The ESMs have a front-end processing facility to run VX-OS Data code for SSD I/O scheduling and metadata management. This helps enable the SSDs to be accessed in parallel by the two IO Controllers.
Therefore the VX-OS software is distributed across three processing engines: Control, Router and Data.
There is a VX-OS management facility for the system with a GUI, a CLI, and a REST API.
If a flash-based storage array does 7 million IOPS with a 200μs response time and it is then implemented using faster-responding Optane SSDs then it should perform faster, meaning more IOPS. Yet Vexata's Optane array does the same 7 million IOPS with a 40μs response time. In a minute that should mean 7 million (200-40)μs saved; that's 1.12bn microseconds saved, time enough for a good few more IOPS.
Storage architect Chris Evans says: "At 200us that's 5,000 IOPS if they were processed serially [and] 25,000 for Optane. Clearly the IO is not serial and being managed in parallel, so queue depth, number of parallel data streams etc, is being manipulated to give high IO throughput.
"Clearly there are other processes within the architecture that are limiting the IO throughput, so even though latency is low, the system can't get past that 7 million IOPS limitation.
"The question is, does it matter? For a raw throughput perspective, flash looks more cost-effective, but from a transactional perspective where an IO needs to be complete before the next piece of work is done, then Optane wins because the application latency is 1/5th of flash.

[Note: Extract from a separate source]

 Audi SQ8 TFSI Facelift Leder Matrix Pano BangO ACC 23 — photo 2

"It would be better if Vexata quoted some transactional workload benchmarks rather than raw numbers as this would help explain the benefit. I've only had a brief chat with them on the architecture and I think that will be their challenge – getting past raw storage performance numbers to performance figures that represent real-world applications."
The ESG White Paper (PDF) describes VX-100 performance using a synthetic OLTP workload and Oracle RAC running on servers connected by Fibre Channel to the VX-100. It said the VX-100F serviced up to 5.17 million IOPS with an average latency of 414.5μs, an outstanding result for any all-flash array, but the VX-100M is operating on a completely different level, servicing 6 million IOPS with an average response time of just 45 μs.

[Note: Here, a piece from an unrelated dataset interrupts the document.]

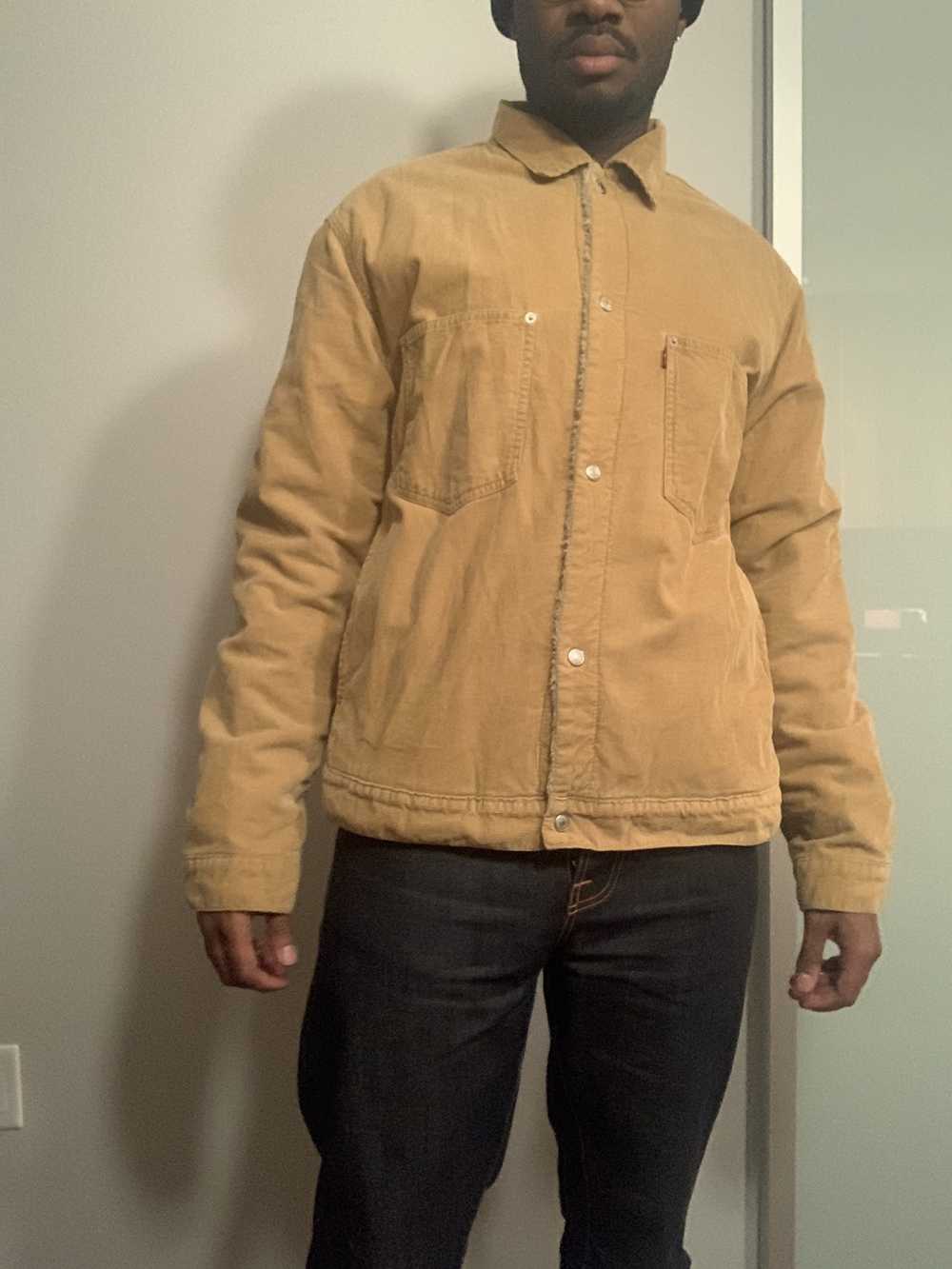 Levi's Levi Corduroy Jacket - image 3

Here there is an IOPS difference between the NAND and Optane-based VX-100 arrays, but the Optane version's 6 million IOPS is somewhat short of Vexata's stated 7 million number. The system's real-world performance needs more clearly delimiting and explaining.
It would also be interesting to understand how the VX-100F and M perform when connected by NVMe to host servers.
Possibly some form of clustering to provide scale-out capability is in Vexata's development road map.
What we have here is a hyper-hot box in the Apeiron/DSSD/E8/Excelero array product space. ®
*Vexata storage is also available as an appliance, an array with IBM's Spectrum Scale (PDF), or as software running on commodity servers and switches.
** Updated on 12 October to add: This was originally reported as $103m. An industry source told us: "It was confusing because they re-announced their total funding in their recent press release, so people assumed it was a new round of financing on top of what they raised before."